Pour Vyara Savova, responsable politique de l'EUCI ayant participé à la rédaction de cette lettre, "le sujet a le potentiel de changer fondamentalement l'industrie des cryptomonnaies d'une manière qui pose le risque de l'effacement de ses valeurs clés." Car le problème se pose lorsque cette définition est appliquée en conjonction avec l'article 30 : "cet article définit les caractéristiques et les exigences de conception des smarts contracts pour le partage de données et pourrait rendre illégaux une proportion importante des contrats intelligents reposant sur des blockchains publiques"

Ce qu'en pensent les signataires

Au total, ce sont 55 entreprises européennes évoluant dans l'univers de la blockchain qui ont signé cette lettre ouverte, assurant ainsi l'EUCI de leur support.

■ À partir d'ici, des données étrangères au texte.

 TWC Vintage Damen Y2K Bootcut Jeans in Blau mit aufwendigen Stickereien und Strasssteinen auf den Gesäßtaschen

Parmi elles, on retrouve des grands noms de l'industrie tels que Binance, Coinbase, Cardano Foundation, ou encore Polygon Labs. Ledger, la seule licorne française de cet écosystème, ainsi que Coinhouse, première entreprise ayant obtenu de l'AMF le statut PSAN en France, ont aussi apposé leur signature.

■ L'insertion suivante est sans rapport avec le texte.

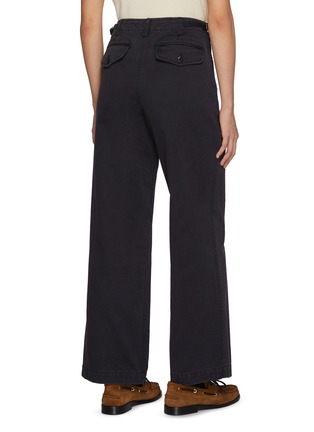 Back View - Click To Enlarge - NOTHING WRITTEN - Gato Pleated Front Cotton Tuck Pants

Le vice-président en charge de la politique globale de Ledger, Seth Hertlein, impliqué dans la rédaction de la lettre ouverte, alerte de surcroit sur l'incompatibilité potentielle de MiCA et du Data Act. Il considère que la réglementation "MiCA a judicieusement exclu de son champ d'application la DeFi, et qu'il serait absurde que cette dernière soit intégrée dans un règlement visant à régir les relations en matière de données quelques mois plus tard." Il souligne aussi l'importance des demandes exposées par l'EUCI et la facilité avec laquelle les législateurs pourraient y accéder. "Ce que nous demandons dans la lettre est une solution si petite et si simple : se référer simplement aux accords de partage de données automatisés en tant que tels au lieu de s'approprier un terme avec une signification entièrement différente. En changeant seulement ces deux mots, la loi sur les données atteindrait plus précisément son objectif sans étouffer l'avenir des logiciels décentralisés dans l'UE."

"En changeant seulement deux mots, la loi atteindrait son objectif sans étouffer l'avenir des logiciels décentralisés dans l'UE"

De son côté, Coinhouse, nous a, par la voix de son CEO, Nicolas Louvet, précisé qu'elle est  membre de l'International Association for Trusted Blockchain Application (INATBA), laquelle a corédigé la lettre ouverte. C'est de concert avec la position exprimée par l'INATBA que Nicolas Louvet déclare: "Si nous soutenons les propositions de la lettre ouverte, c'est pour que l'Europe ne rate pas à nouveau l'opportunité d'être un marché compétitif et innovant. Nous sommes à la pointe de la compétitivité sur le marché mondial de la blockchain. Si nous ne voulons pas être en troisième position, derrière les Etats-Unis et la Chine, il nous faut saisir cette opportunité offerte par MiCA de faire de l'Union européenne le hub mondial de la blockchain".

Si cette lettre ouverte a trouvé le support indivis de l'ensemble de l'écosystème Web3, c'est qu'en matière d'innovation technologique et de sa régulation, les acteurs de l'industrie concernés tombent souvent d'accord. Surtout quand c'est leur dernière chance de se faire entendre par les législateurs européens.